A common technique in analyses of education policies (and popularized in the book, Freakonomics) has suffered a setback recently. The technique attempts to correct for endogeneity, which occurs when your dependent variable is causing one of your independent variables rather than simply the other way around.
It’s probably best to explain this with an example. Let’s say you want to know how the number of police officers in a city affects the crime rate. In this example the dependent variable is the crime rate and the independent variable is the number of police officers. That is, you are trying to explain how the size of the police force causes crime rates to be high or low.
The trouble is that the causal arrow also goes in the other direction. The crime rate affects the size of the police force because cities with a lot of crime may decide to hire a lot of police officers. So, the number of police officers is endogenous to the crime rate.
That endogeneity could produce some odd results if we didn’t do anything to correct it. We might find that the number of police officers causes crime rates to be higher when it might really be the case that the size of the police force reduces crime but high crime rates cause larger police forces.
This kind of problem comes up quite often in econometric analyses in general and in particular in evaluations of education policies. So, it was a great a thing that University of Chicago economist James Heckman developed a technique for unravelling these circular relationships and correcting for endogeneity bias. Basically, the technique uses some exogenous variable to predict the independent variable without bias.

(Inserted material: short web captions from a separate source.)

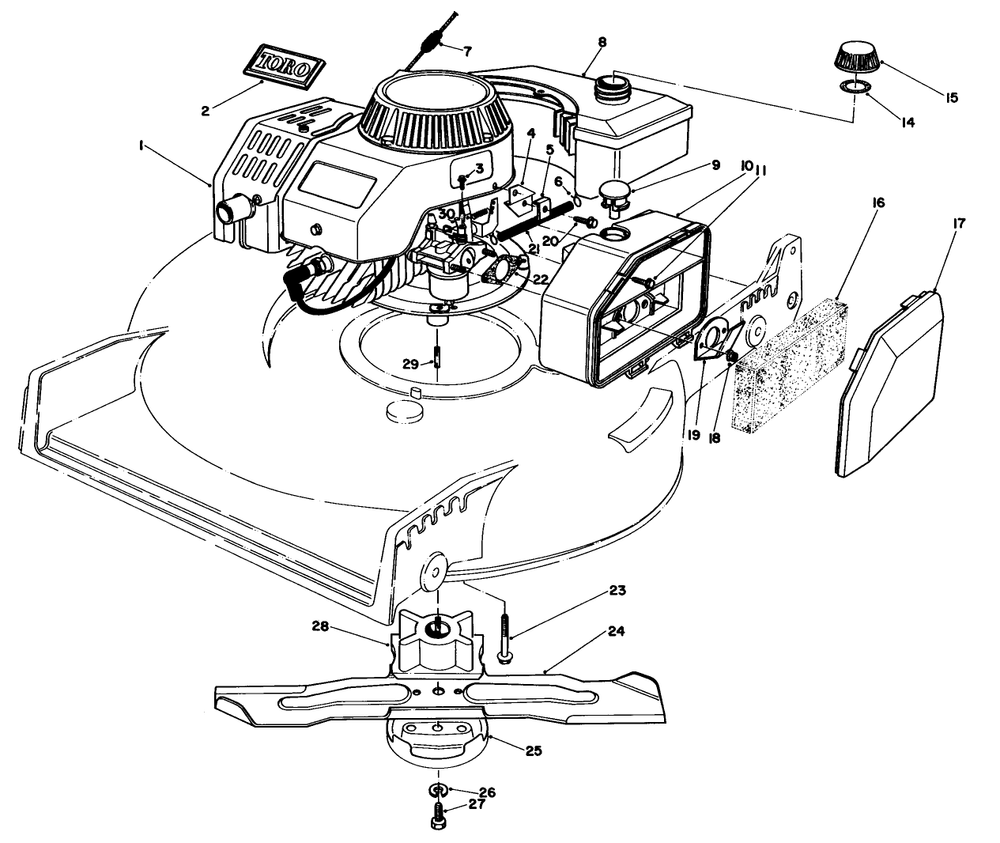 Engine Assembly Diagram and Parts List for 20581 3000001 - 3999999 Toro Lawn Mower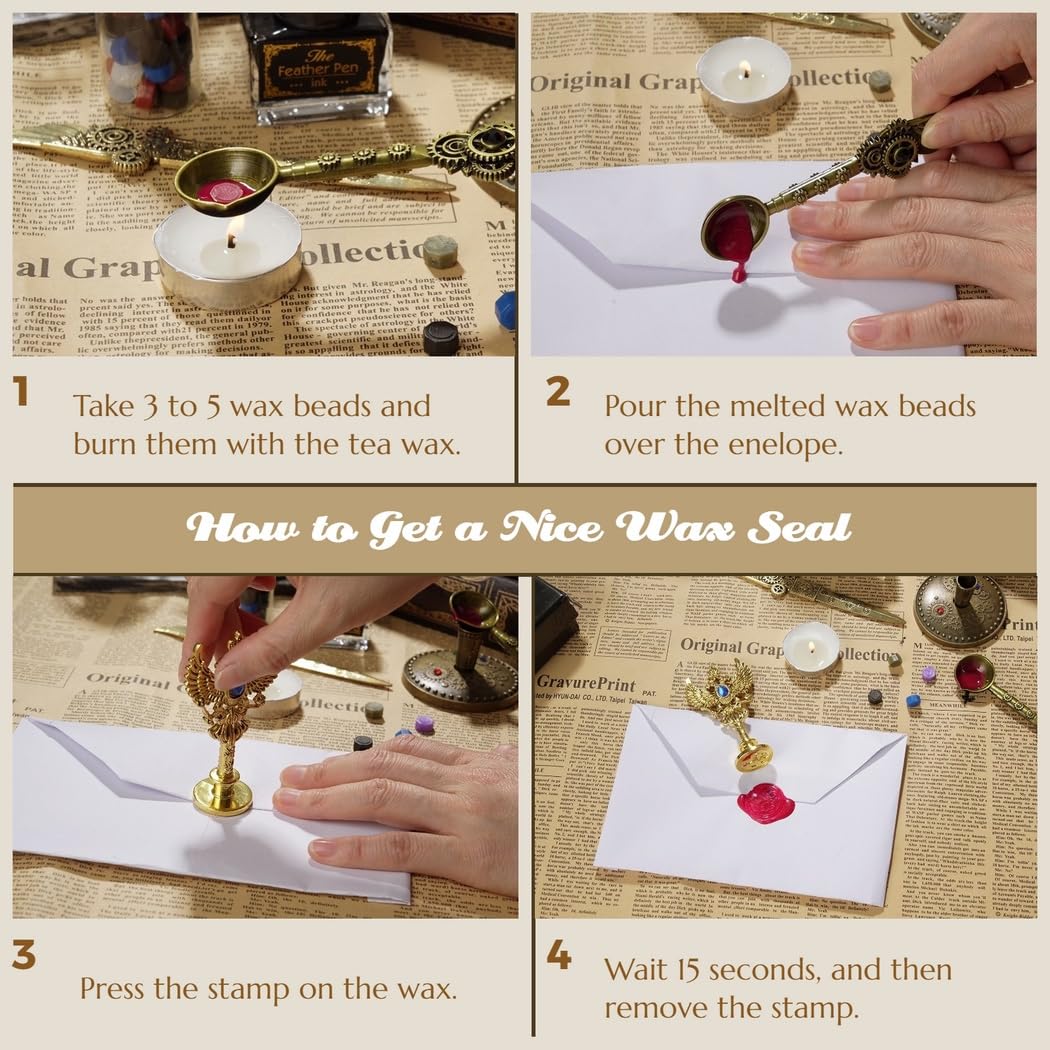 Set di penne per calligrafia con inchiostro, sigillo in cera, 5 pennini e accessori steampunk, perfetto per gli appassionati di calligrafia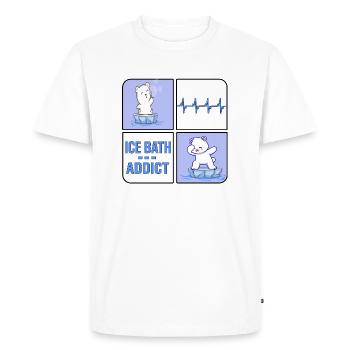 eisbader winterbader eisbär icebath addict - Men's Premium Organic T-Shirt - white - Front - Nico (187cm)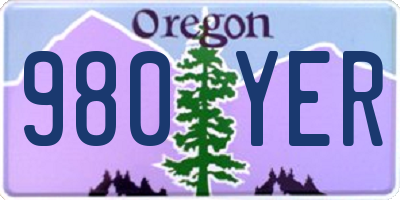 OR license plate 980YER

Again, it’s probably easiest to explain with an example. If we can find something that predicts the number of police officers that has nothing to do with the crime rate, then we can come up with an unbiased estimated of the number of police officers. We can then use that unbiased estimate of how many police officers there would be (independent of the crime rate) to predict the crime rate. In theory the technique works great. Heckman won the Nobel Prize in economics for developing it.

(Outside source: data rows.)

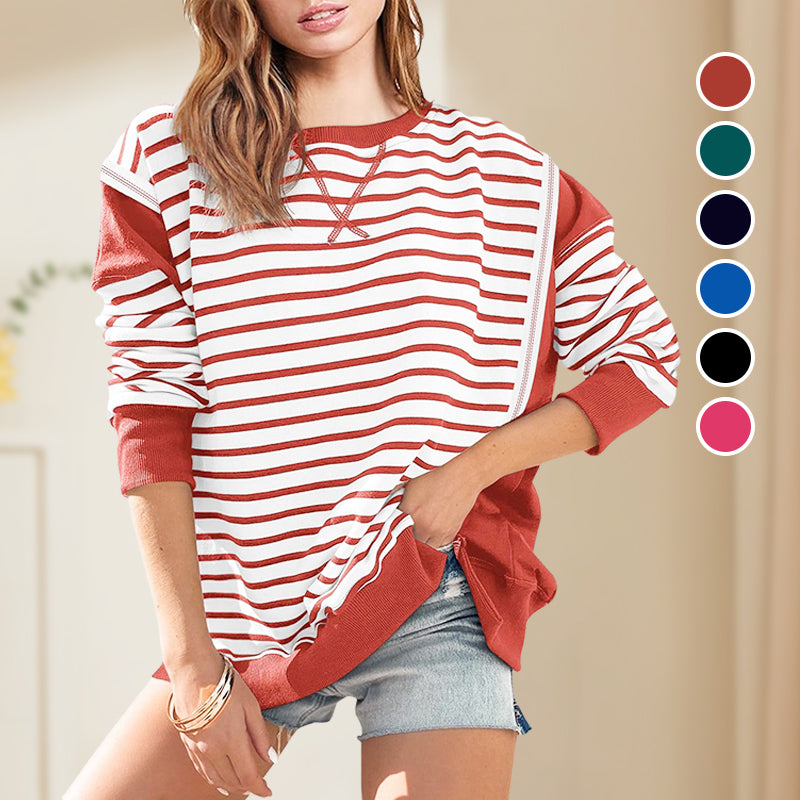 Stylish round neck tops with stripes and color blocking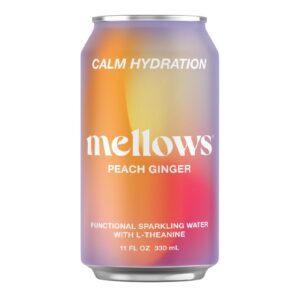 Mellows Peach & Ginger Functional Sparkling Water 330ml - 24 Pack (6x4)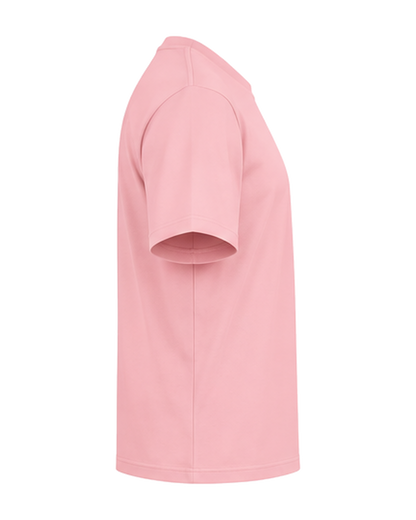 Custom organic cotton t-shirt in Cotton Pink, right sleeve print area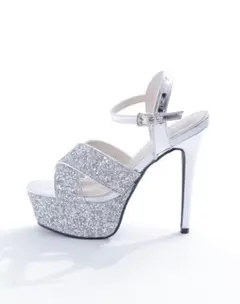 SUGAR&JEWELS シルバー グリッターハイヒール 34-40サイズ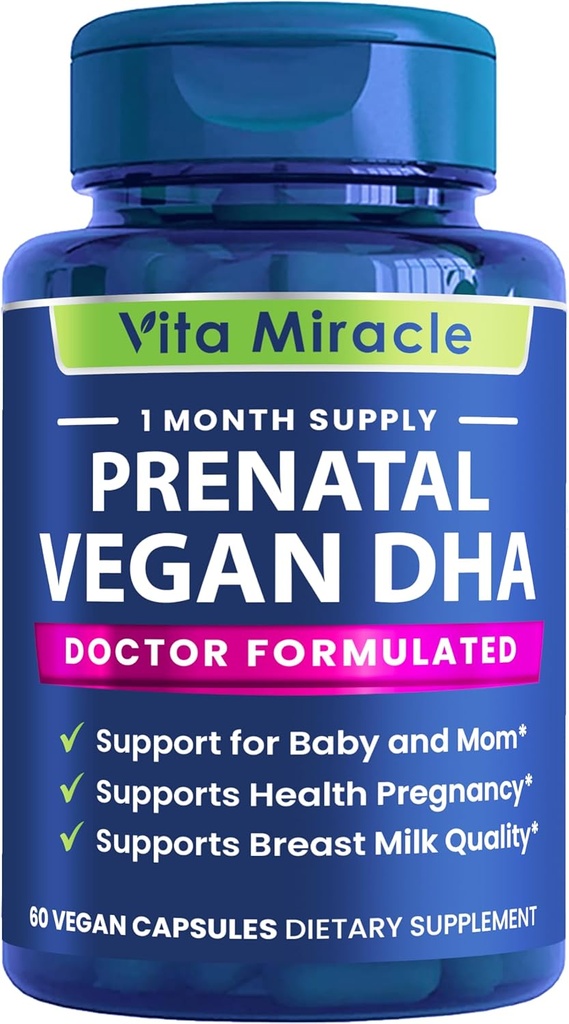 Suplimente prenatale DHA - Vegan 800mg DHA DPA pe bază de plante Omega 3 - Cel mai bun pentru mama optima si sanatatea bebelusului - Sustine creierul bebelusului si dezvoltarea ochilor Prenatala pentru femei fara ulei de peste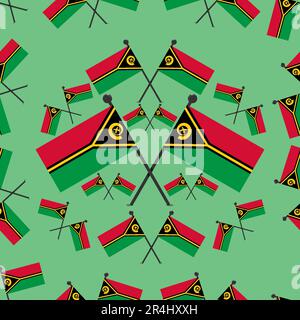 Vector Illustration of Pattern Vanuatu Flags and  Green Color Background. Stock Vector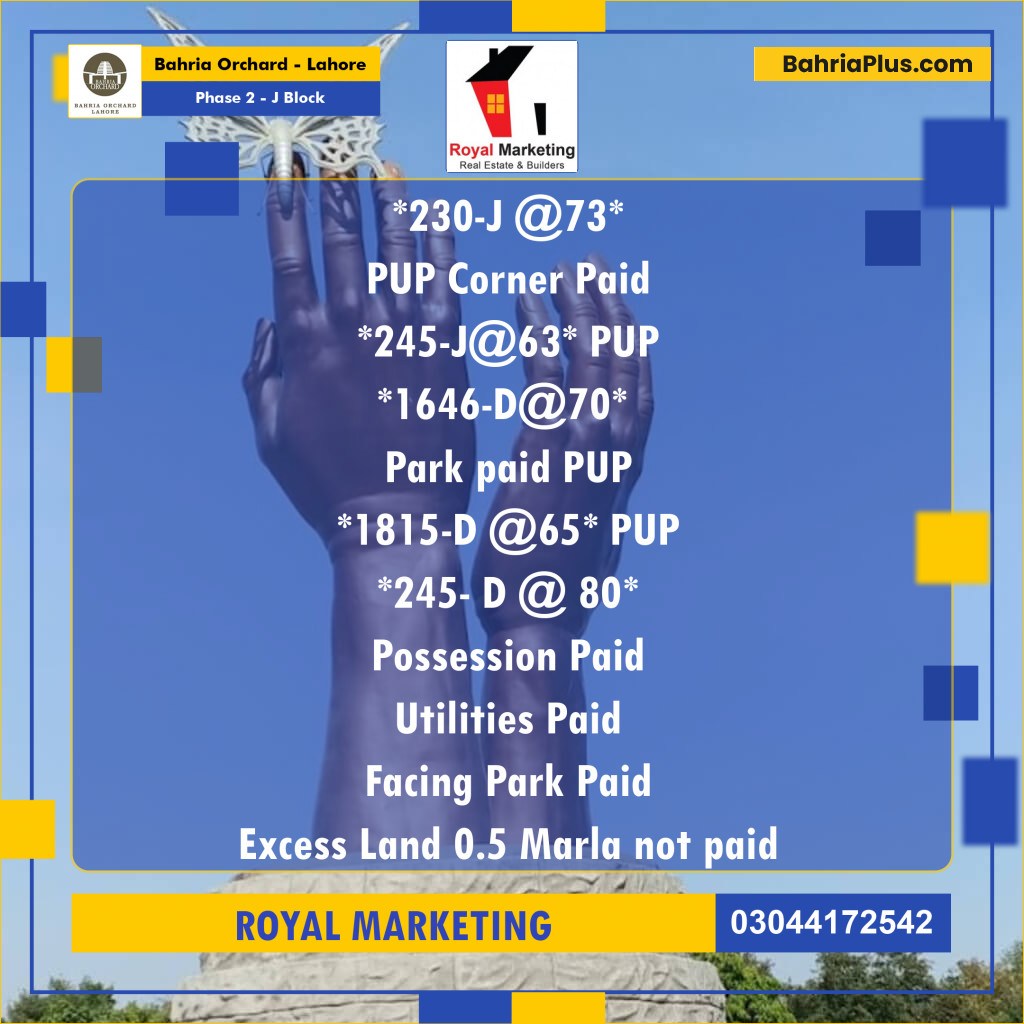 Residential Plot for Sale in Phase 2 - J Block -  Bahria Orchard, Lahore - (BP-189461)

The tricky part is coming up with a truly exogenous instrument (something that predicts the independent variable but has no relationship with the dependent variable). The only obviously exogenous instrument is chance itself. An example of that kind of instrument can be found in analyses of the effect of using a voucher on the student achievement of students who actually attend a private school when the vouchers are awarded by lottery. Those analyses use whether a student won the lottery or not to predict whether a student attended a private school and then used that unbiased estimate of whether a student attended a private school to predict the effect of private schooling on student achievement.
Whether a student won the lottery is purely a matter of chance and so is completely unrelated to student achievement, but it is predictive of whether a student attends a private school. It is a perfectly exogenous instrument.
The problem is that other than lotteries, it isn’t always clear that the instruments used are truly exogenous. Even if we can’t think of how things may be related, they may well be.
A perfect example of this — and it is one that raises questions about how exogenous all instruments other than lotteries truly are — was recently described in the Wall Street Journal having to do with date of birth. The date during the year when babies are born has long been thought to be essentially random and has been used as an exogenous instrument in a variety of important analyses, including a seminal paper in 1991 by Josh Angrsit and Alan Krueger on the effects of educational attainment on later life outcomes.
Since states have compulsory education laws require that students stay in school until a certain age, babies born earlier in the year reach that age at a lower grade and can drop out having attained less education. By comparing those born earlier in the year to those born later, which they believed should have nothing to do with later life outcomes, they were able to make claims about how staying in school longer affected income, etc…
But new work by Kasey Buckles and Daniel Hungerman at the University of Notre Dame suggests that the month and day of birth is not really exogenous to life outcomes. As it turns out, babies born in January are more likely to be born to unwed, less educated, and low income mothers than babies born later in the year. The difference is not huge, but it is significant. And since this variable is not exogenous, perhaps some or all of the effect of attainment Angrist and Krueger observed is related to this relationship between date of birth and SES, not truly attributable to attainment.
And if birth order is not random when we all assumed it was, what other instruments in these analyses are also not truly exogenous but we just don’t know how yet? It’s a potentially serious problem for these analyses.